Parser
Due to interaction with several of the course’s projects, and given that parts of this course material were originally from 2020, the latest version of Python you should use in this course is Python 3.10.
Write an AI to parse sentences and extract noun phrases.
$ python parser.py
Sentence: Holmes sat.
        S
   _____|___
  NP        VP
  |         |
  N         V
  |         |
holmes     sat
Noun Phrase Chunks
holmes
When to Do It
How to Get Help
- Ask questions via Ed!
- Ask questions via any of CS50’s communities!
Background
A common task in natural language processing is parsing, the process of determining the structure of a sentence. This is useful for a number of reasons: knowing the structure of a sentence can help a computer to better understand the meaning of the sentence, and it can also help the computer extract information out of a sentence. In particular, it’s often useful to extract noun phrases out of a sentence to get an understanding for what the sentence is about.

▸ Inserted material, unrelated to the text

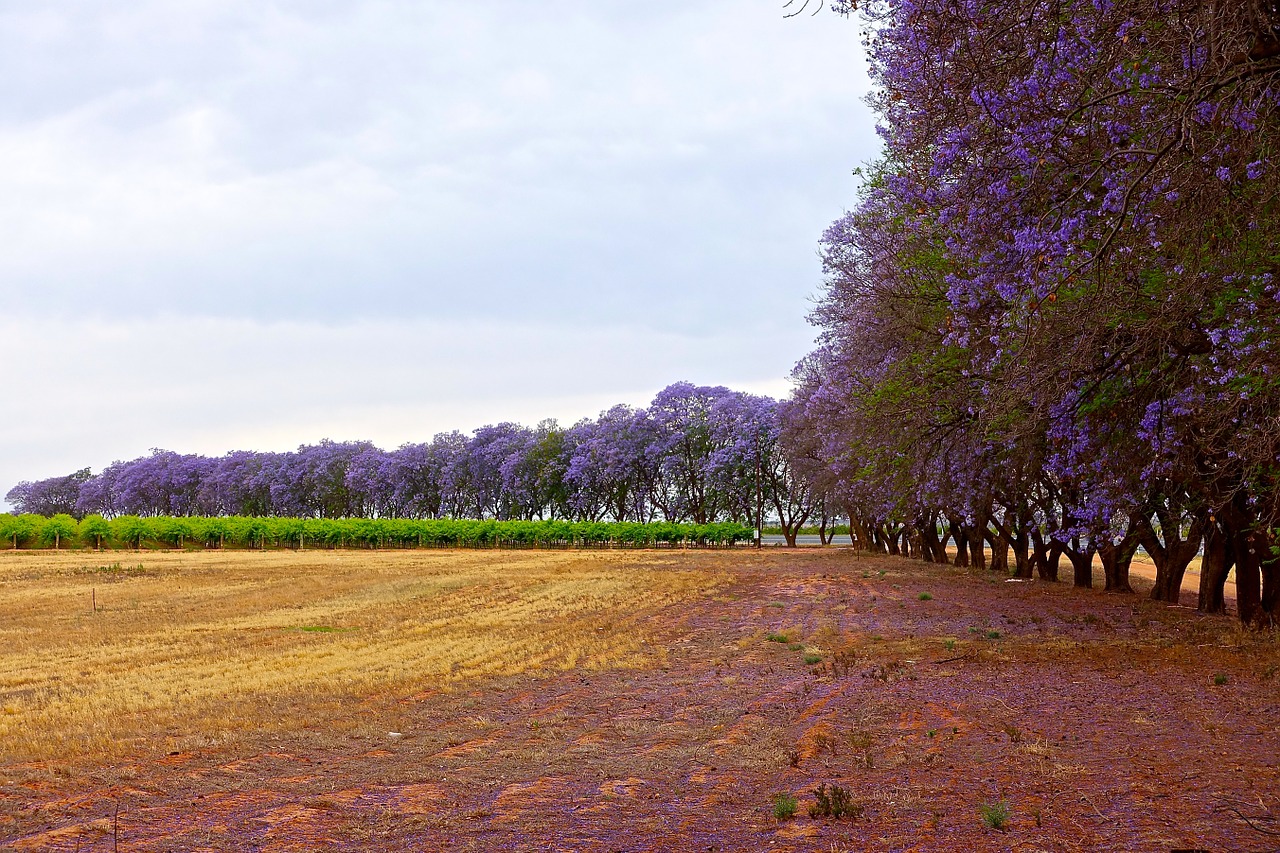 jacaranda trees flowering free photo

In this problem, we’ll use the context-free grammar formalism to parse English sentences to determine their structure. Recall that in a context-free grammar, we repeatedly apply rewriting rules to transform symbols into other symbols. The objective is to start with a nonterminal symbol S (representing a sentence) and repeatedly apply context-free grammar rules until we generate a complete sentence of terminal symbols (i.e., words). The rule S -> N V, for example, means that the S symbol can be rewritten as N V (a noun followed by a verb). If we also have the rule N -> "Holmes" and the rule V -> "sat", we can generate the complete sentence "Holmes sat.".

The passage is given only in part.